Location: NYC, NY - Onsite Role Overview: As a Data Engineer at Blockboard, you will be responsible for designing, building, and maintaining our data infrastructure, ensuring its scalability, reliability, and efficiency. You will work closely with cross-functional teams to understand data requirements, develop ETL pipelines, and implement solutions for data processing, storage, and analysis.
Key Responsibilities:
Design, develop, and maintain ETL pipelines for processing large volumes of data from various sources, ensuring data quality and integrity.
Implement and optimize data models and schemas using Delta Tables on Databricks platform.
Develop and maintain data warehousing solutions, including data modeling, indexing, and optimization.
Troubleshoot and resolve data-related issues, ensuring data pipelines are running smoothly and efficiently.

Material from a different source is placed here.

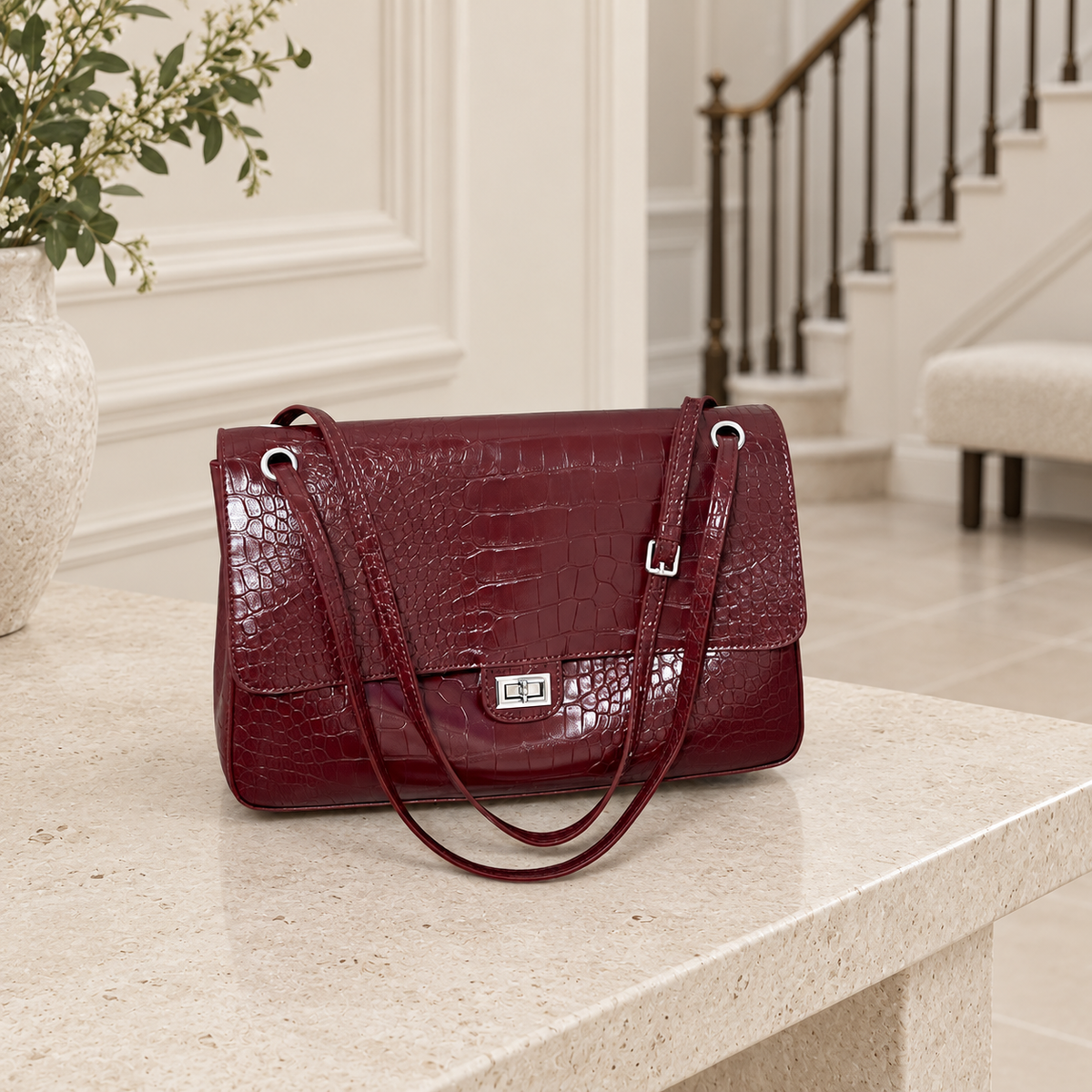 Croc Avenue Shoulder Bag - Espresso Brown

Stay updated with the latest technologies and trends in data engineering and recommend innovative solutions to improve our data infrastructure.
Qualifications:
Bachelor's degree or higher in Computer Science, Engineering, or related field.
5+ years of experience working as a Data Engineer or similar role.
Strong proficiency in Python and Spark for scripting and programming.
Hands-on experience with Databricks platform and Delta Tables for data processing and storage.
Proficiency in SQL and experience with relational databases such as MySQL.
Experience with cloud platforms, particularly AWS (Amazon Web Services), and services like S3, RDS, Glue, etc.
Solid understanding of data warehousing concepts, ETL processes, and data modeling techniques.
Excellent problem-solving skills and ability to work independently or in a team environment.
Desired Skill set:
Experience with streaming data processing frameworks such as Apache Kafka or Apache Spark Streaming.
Familiarity with OpenAI / LLM models for natural language processing tasks.
Experience with data visualization tools such as Tableau, Power BI, or similar.